Highlights from the first year of Writers & Company
Writers & Company premiered on October 7, 1990, and for the past 25 years it has delved into the lives and work of the best writers — new and established — from around the world.
In the first season alone, Eleanor Wachtel spoke to a wide array impressive of authors: Mordecai Richler, Rohinton Mistry, Margaret Atwood and George Plimpton, just to name a few. This week's episode is a special compilation of the best interviews from the very first season of Writers & Company: Alice Munro, A.S. Byatt, J.M. Coetzee, Nadine Gordimer and Eduardo Galeano.

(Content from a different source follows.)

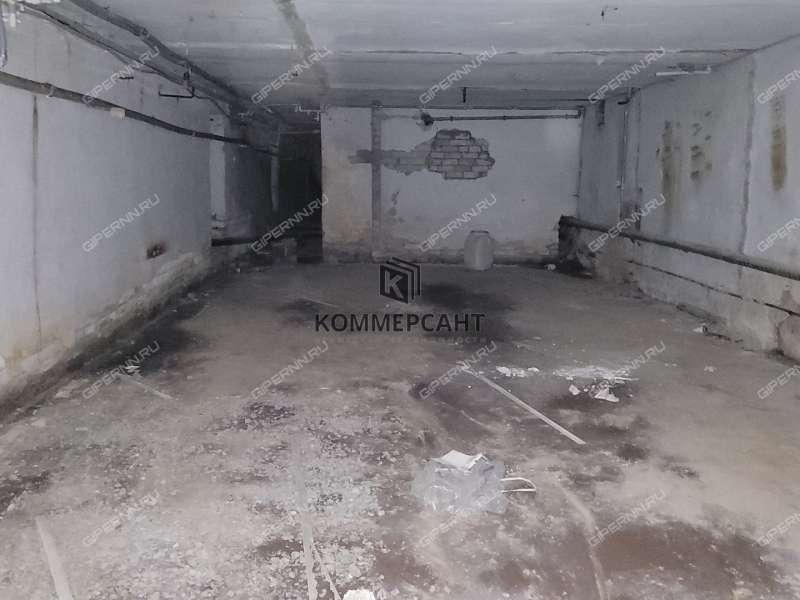 помещение под помещение свободного назначения на улице Героя Советского Союза Поющева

ALICE MUNRO ON WHEN SHE DECIDED TO BECOME A WRITER
"It was when I was about 10 or 11. Before that, I would tell myself stories a lot and I would make up endings for stories that didn't satisfy me. Then, I used to think about being a movie star and I would think up movies I would be in. Somehow, from the movie star bit, I slid into the 'writing things down' bit. Then I started writing poetry and stories. I was into it quite thoroughly by the time I was 12."
A.S. BYATT ON HOW POETRY INFLUENCED HER NOVELS
"As a girl, I read a great deal of Woodworth's poetry, a great deal of Coleridge, a great deal of Browning, a great deal of Tennyson. I learn things by heart very easily. The whole of my mind is seemingly possessed by very long quotations, which I think about sitting in taxis. And suddenly, I was able to write a book in which the rhythms of how I actually think were useful."

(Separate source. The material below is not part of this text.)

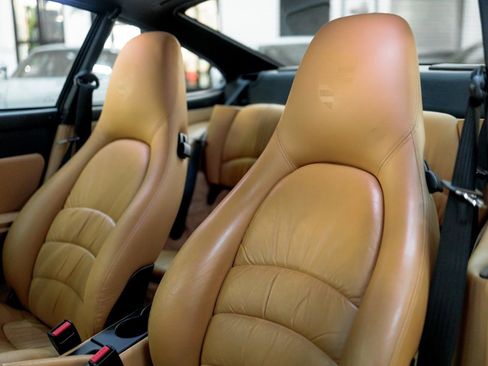 Used 1998 Porsche 911 Carrera image 40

J.M. COETZEE ON WHY HE WRITES
"If I believed that humane values were futile in every sense of the word, I wouldn't be writing these books. On the other hand, if I believed that humane values were the answer to every problem, I wouldn't be writing these books either. Why I am writing these books is to pose the question, 'What is the good of humane values?' We can believe in humane values. We can not only believe in humane values quite sincerely, but we can act in terms of humane values. The question is, is that going to be enough?"
NADINE GORDIMER ON HOW WRITING LEADS TO POLITICAL AWARENESS
"Writing is always a voyage of discovery. If you're going to be a writer, first of all, you develop unusual powers of observation. You're very contemplative of other people, as well as yourself. I was always an eager eavesdropper, and I still am — and I think that's one of the ways a writer teaches himself or herself to write dialogue, to write direct speech. You have to have an ear for the way different people speak, for the way they express themselves. The pauses indicate that what is not being said is there. That instinct is something that a writer subconsciously begins to teach herself. The political awareness came from looking very closely at the people around me, at myself and my society and people's place in it, my reactions, their reactions. It was falling, slowly, through layers of illusion and coming to an understanding of what is false and searching for what was true."

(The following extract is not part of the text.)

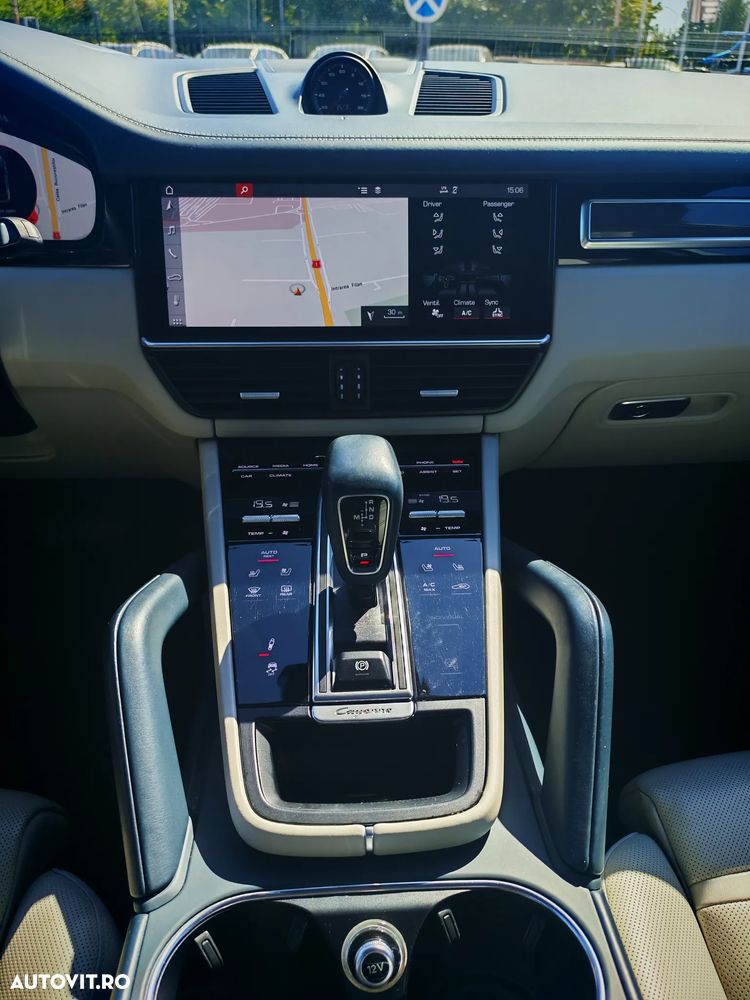 Porsche Cayenne - 17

EDUARDO GALEANO ON WHY HE WRITES
"Memory changes everything it touches. Memories change with you, while you are changing. That's why I feel urgency to write certain things, because I know I will change and these memories of experience will also change. I try to share my memory with other people as soon as I think my memories are full of other people's memories: of marvel and horror and beautiful and terrible things inside. "
Music to close the episode: "Country," written and performed by Keith Jarrett. From the album Keith Jarrett: My Song.
Comments from these interviews have been edited and condensed.